Code running perfectly on host, put in a kernel, fails for mysterious reasons

Question

I have to port a pre-existing “host-only” backpropagation implementation to CUDA. I think the nature of the algorithm doesn’t matter here, so I won’t give much explanation about the way it works. What I think matter though, is that it uses 3-dimensional arrays, whose all three dimensions are dynamically allocated. I use VS2010, with CUDA 5.0. And my device is a 2.1. The original host-only code can be downloaded here → http://files.getwebb.org/view-cre62u4d.html

Main points of the code:

patterns from adult.data are loaded into memory, using the Data structure, present in “pattern.h”.
several multi-dimensional arrays are allocated
the algorithm is ran over the patterns, using the arrays allocated just before.

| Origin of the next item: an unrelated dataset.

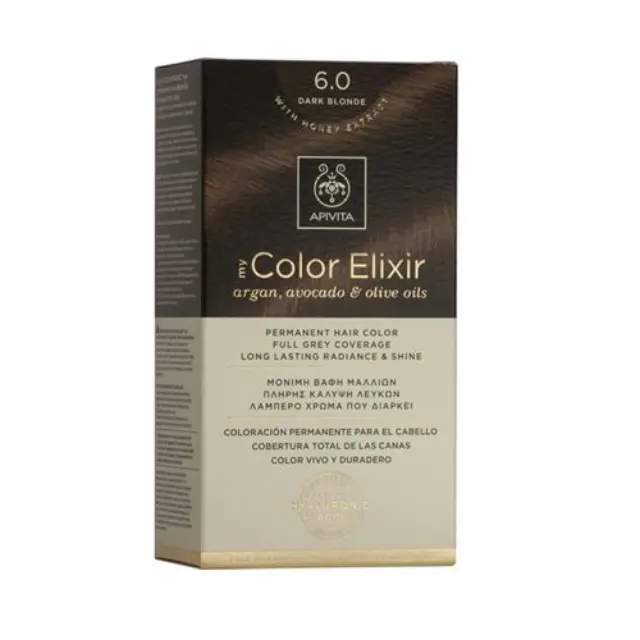 Apivita My Color Elixir 6.0 Μόνιμη Βαφή Μαλλιών Χρώμα - Ξανθό Σκούρο, 50ml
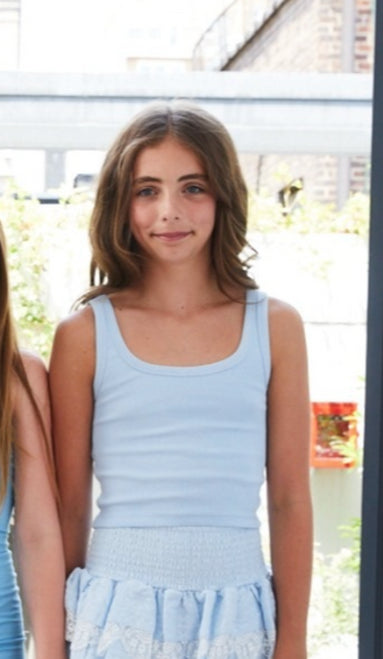 Stella Blue Ribbed Tank - Lace Trim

If you want to try to run the code don’t forget to modify the PATH constant at the beginning of kernel.cu. I also advise you to use “2” layers, “5” neurons, and a learning rate of “0.00001”. As you can see, this work perfectly. The “MSE” is improving. For those who have no clue about what does this algorithms, let’s simply say that it learns how to predict a target value, based on 14 variables present in the patterns. The “MSE” decrease, meaning that the algorithm makes less mistakes after each “epoch”.

I spent a really long time trying to run this code on the device. And I’m still unsuccessful. Last attempt was done by simply copying the code initializing the arrays and running the algorithm into a big kernel. Which failed again. This code can be downloaded there → http://files.getwebb.org/view-cre62u4c.html

To be precise, here are the differences with the original host-only code:

f() and fder(), which are used by the algorithm, become device functions.
parameters are hardcoded: 2 layers, 5 neurons, and a learning rate of 0.00001
the “w” array is initialized using a fixed value (0.5), not rand() anymore
a Data structure is allocated in device’s memory, and the data are sent in device’s memory after they have been loaded from adult.data in host’s memory

I think I did the minimal amount of modifications needed to make the code run in a kernel. The “kernel_check_learningData” kernel, show some informations about the patterns loaded in device’s memory, proving the following code, sending the patterns from the host to the device, did work:

Data data;
Data* dev_data;
int* dev_t;
double* dev_x;
...
input_adult(PathFile, &data);
...
cudaMalloc((void**)&dev_data, sizeof(Data));
cudaMalloc((void**)&dev_t, data.N * sizeof(int));
cudaMalloc((void**)&dev_x, data.N * data.n * sizeof(double));
// Filling the device with t and x's data.
cudaMemcpy(dev_t, data.t, data.N * sizeof(int), cudaMemcpyHostToDevice);
cudaMemcpy(dev_x, data.x, data.N * data.n * sizeof(double), cudaMemcpyHostToDevice);
// Updating t and x pointers into devices Data structure.
cudaMemcpy(&dev_data->t, &dev_t, sizeof(int*), cudaMemcpyHostToDevice);
cudaMemcpy(&dev_data->x, &dev_x, sizeof(double*), cudaMemcpyHostToDevice);
// Copying N and n.
cudaMemcpy(&dev_data->N, &data.N, sizeof(int), cudaMemcpyHostToDevice);
cudaMemcpy(&dev_data->n, &data.n, sizeof(int), cudaMemcpyHostToDevice);

It apparently fails at the beginning of the forward phase, when reading the “w” array. I can’t find any explanation for that.

I see two possibilities:

the code sending the patterns into device's memory is bugged, despite the fact it seems to work properly, and provoke a bug way further, when beginning the forward phase.
the CUDA API is not behaving like it should!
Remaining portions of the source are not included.